В общем, когда я явился в кают-компанию, обед кончился, и обсуждение началось. Я взял себе супу, сел в сторонке и стал есть и слушать.
– Не могу я принять метеоритную гипотезу совсем без оговорок, – укоризненно говорил Вандерхузе. – «Пеликаны» прекрасно защищены от метеоритного удара, Геннадий. Он бы просто уклонился.
– Не спорю, – отвечал Комов, глядя в стол и брезгливо морщась. – Однако предположите, что метеоритная атака произошла в момент выхода корабля из подпространства…
– Да, конечно, – согласился Вандерхузе. – В этом случае – конечно. Но вероятность…
– Вы меня удивляете, Яков. У корабля абсолютно разрушен рейсовый двигатель. Огромная сквозная дыра со следами сильного термического воздействия. По-моему, каждому нормальному человеку ясно, что это может быть только метеорит.
У Вандерхузе был очень несчастный вид.
– Ну… Хорошо, – сказал он. – Ну, пусть будет по-вашему… Вы просто не понимаете, Геннадий, вы не звездолетчик… Вы просто не понимаете, насколько это маловероятно. Именно в момент выхода из подпространства огромный метеорит огромной энергии… Я просто не знаю, с чем это сравнить по невероятности!

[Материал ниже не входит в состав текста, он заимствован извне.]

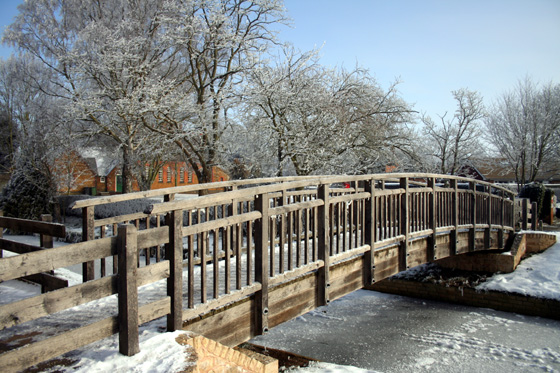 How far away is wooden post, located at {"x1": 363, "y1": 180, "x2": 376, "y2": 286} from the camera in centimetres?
649

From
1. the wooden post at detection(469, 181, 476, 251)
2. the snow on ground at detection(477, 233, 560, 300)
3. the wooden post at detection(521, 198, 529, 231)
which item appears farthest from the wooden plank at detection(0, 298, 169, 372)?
the wooden post at detection(521, 198, 529, 231)

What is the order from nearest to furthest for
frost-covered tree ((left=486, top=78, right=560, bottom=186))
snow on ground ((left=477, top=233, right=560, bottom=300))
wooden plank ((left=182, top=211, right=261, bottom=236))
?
1. wooden plank ((left=182, top=211, right=261, bottom=236))
2. snow on ground ((left=477, top=233, right=560, bottom=300))
3. frost-covered tree ((left=486, top=78, right=560, bottom=186))

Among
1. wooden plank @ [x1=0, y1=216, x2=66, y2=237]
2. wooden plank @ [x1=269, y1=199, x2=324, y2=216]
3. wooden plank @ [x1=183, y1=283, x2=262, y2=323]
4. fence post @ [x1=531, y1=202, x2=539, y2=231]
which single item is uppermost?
wooden plank @ [x1=269, y1=199, x2=324, y2=216]

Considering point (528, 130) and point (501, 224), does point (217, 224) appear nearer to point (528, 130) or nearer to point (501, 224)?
point (501, 224)

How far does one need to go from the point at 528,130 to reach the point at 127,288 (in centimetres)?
3322

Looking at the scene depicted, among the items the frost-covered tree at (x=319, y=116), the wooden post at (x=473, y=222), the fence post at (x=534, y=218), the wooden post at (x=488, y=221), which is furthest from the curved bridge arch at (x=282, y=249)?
the fence post at (x=534, y=218)

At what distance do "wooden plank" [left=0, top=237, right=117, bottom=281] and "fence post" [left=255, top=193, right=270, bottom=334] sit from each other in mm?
1678

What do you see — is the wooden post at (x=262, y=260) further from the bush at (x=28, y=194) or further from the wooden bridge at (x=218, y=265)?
the bush at (x=28, y=194)

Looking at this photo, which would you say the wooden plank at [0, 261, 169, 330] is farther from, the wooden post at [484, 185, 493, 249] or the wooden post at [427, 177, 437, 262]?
the wooden post at [484, 185, 493, 249]

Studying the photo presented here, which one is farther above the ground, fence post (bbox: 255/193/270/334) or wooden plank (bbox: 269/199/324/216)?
wooden plank (bbox: 269/199/324/216)

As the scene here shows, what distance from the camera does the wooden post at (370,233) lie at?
21.3 feet

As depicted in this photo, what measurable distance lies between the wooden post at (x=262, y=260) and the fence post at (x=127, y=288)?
5.24 feet

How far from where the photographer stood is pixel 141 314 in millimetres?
3299

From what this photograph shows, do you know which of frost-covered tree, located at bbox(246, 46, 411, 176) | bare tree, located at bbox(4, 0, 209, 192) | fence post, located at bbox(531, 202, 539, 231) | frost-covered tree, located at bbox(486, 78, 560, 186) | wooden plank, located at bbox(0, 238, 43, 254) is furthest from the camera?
frost-covered tree, located at bbox(486, 78, 560, 186) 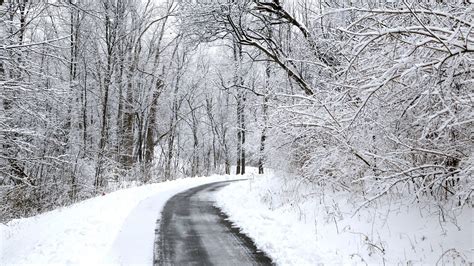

– Хорошо. Что вы предлагаете?
Вандерхузе оглядел всех в поисках поддержки и, поддержки не обнаружив, сказал:
– Хорошо, пусть будет так. Но я все-таки буду настаивать, чтобы формулировка имела сослагательный оттенок. Скажем: «Указанные факты заставляют предположить…»
– «Сделать вывод», – поправил Комов.
– «Сделать вывод»? – Вандерхузе нахмурился. – Да нет, Геннадий, какой тут может быть вывод? Именно предположение! «…заставляют предположить, что корабль был поражен метеоритом высокой энергии в момент появления из подпространства». Вот так. Предлагаю согласиться.